→ What needs to be done
Each line below needs to be returned exactly. Skip any picture.

:::

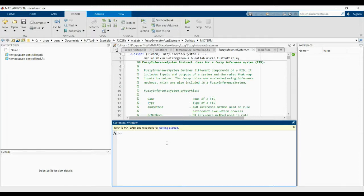Hello, in this application, I'm going to use the MATLAB Fuzzy Logic Library in order to build an application for temperature controlling. Temperature controlling has been used in lots of applications, especially in agriculture and environmental applications, like monitoring the temperature in farms or agricultural areas.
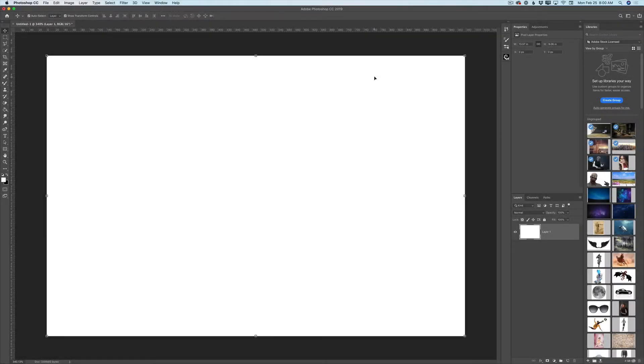Hello guys! My name is Victoria Pavlov. I am the Photoshop Artist. Welcome to my studio. Today we will create a very beautiful art for Saint Patrick's Day. So guys, let's start.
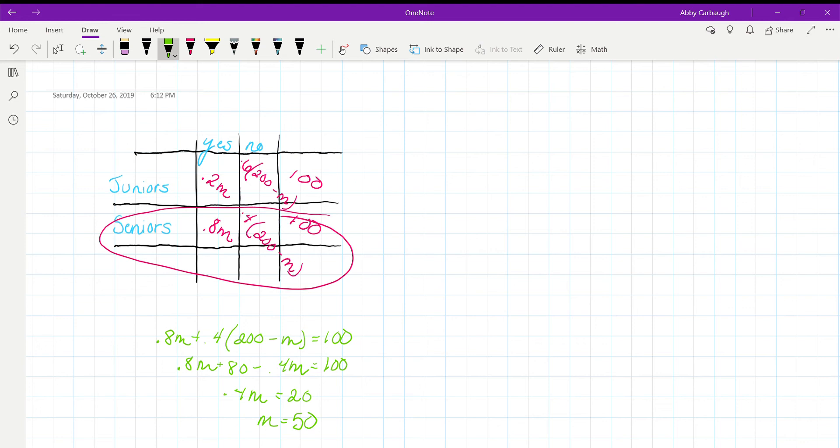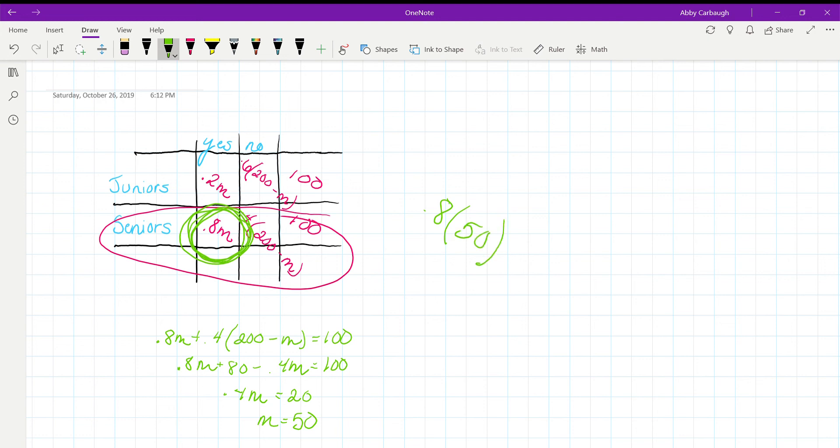We can plug M into our seniors who answered yes, so 0.8 times our M, which is 50, and that will equal 40, or 40%, which is our answer.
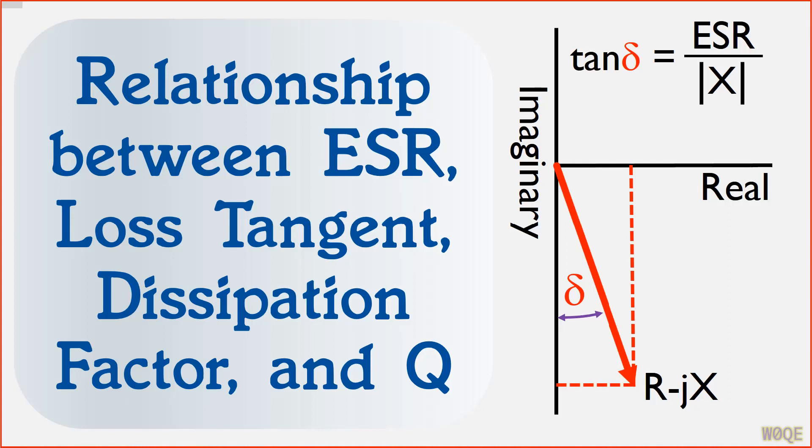Welcome again. This is Larry Benko, W0QE, and this video is a slight departure from videos focused on SimSmith. This video is about components or parts and how they are characterized.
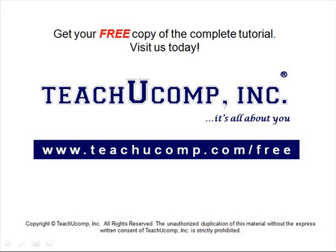Get your free copy of the complete tutorial at www.teachucomp.com forward slash free.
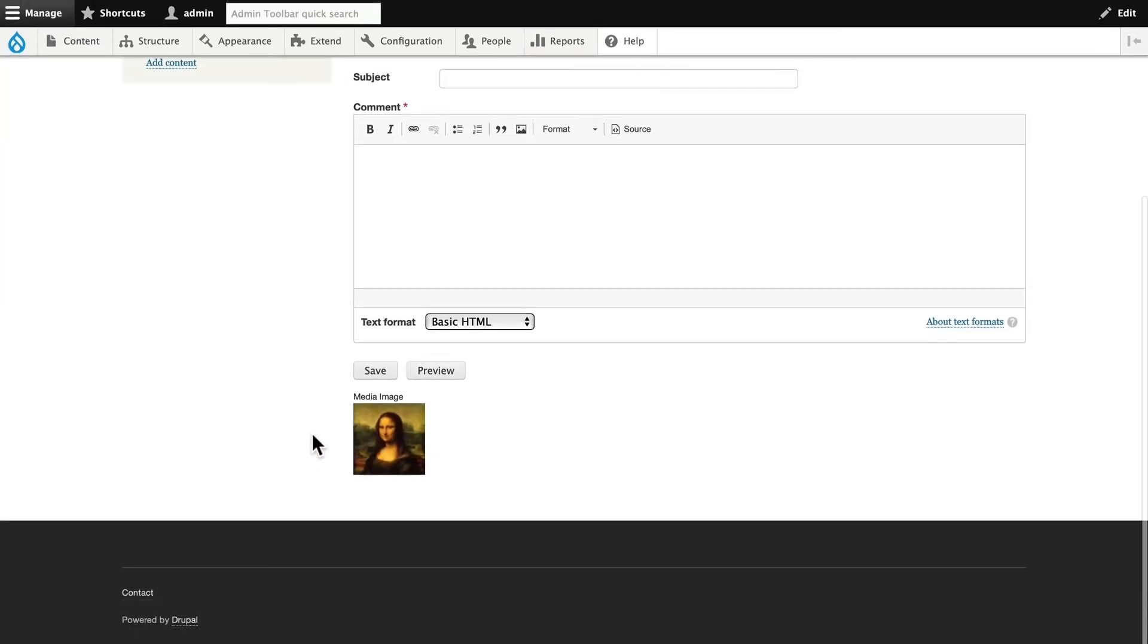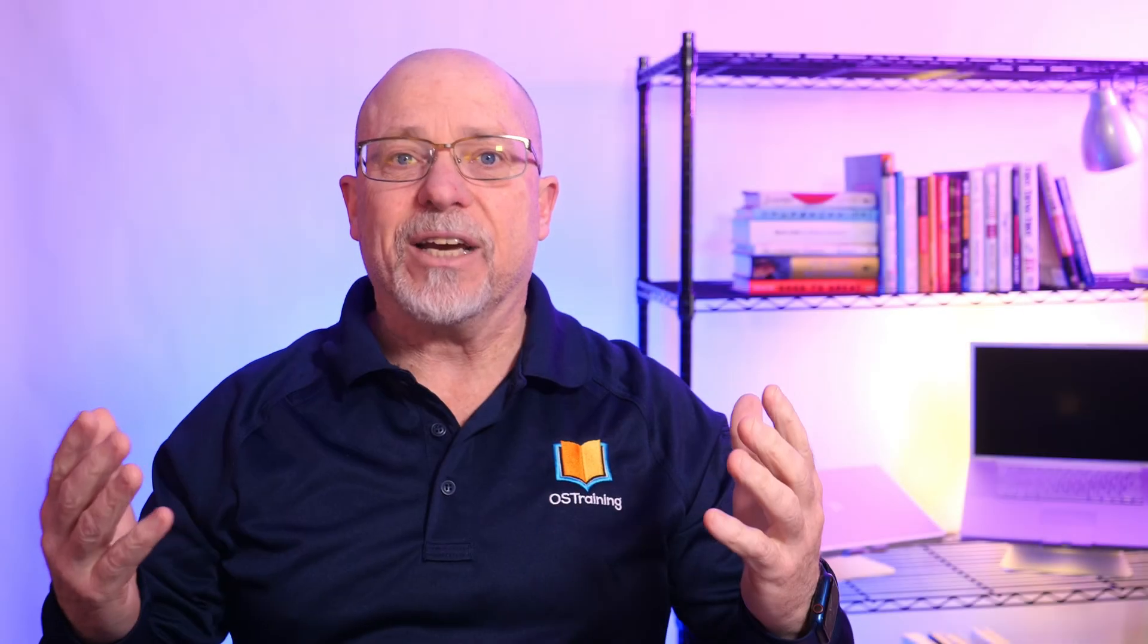And now my image is perfectly cropped at 100 pixels by 100 pixels. And the scale and crop is centered on her face.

:::

→ Exercise answer
Hello, in this application, I'm going to use the MATLAB Fuzzy Logic Library in order to build an application for temperature controlling. Temperature controlling has been used in lots of applications, especially in agriculture and environmental applications, like monitoring the temperature in farms or agricultural areas.
Hello guys! My name is Victoria Pavlov. I am the Photoshop Artist. Welcome to my studio. Today we will create a very beautiful art for Saint Patrick's Day. So guys, let's start.
We can plug M into our seniors who answered yes, so 0.8 times our M, which is 50, and that will equal 40, or 40%, which is our answer.
Welcome again. This is Larry Benko, W0QE, and this video is a slight departure from videos focused on SimSmith. This video is about components or parts and how they are characterized.
Get your free copy of the complete tutorial at www.teachucomp.com forward slash free.
And now my image is perfectly cropped at 100 pixels by 100 pixels. And the scale and crop is centered on her face.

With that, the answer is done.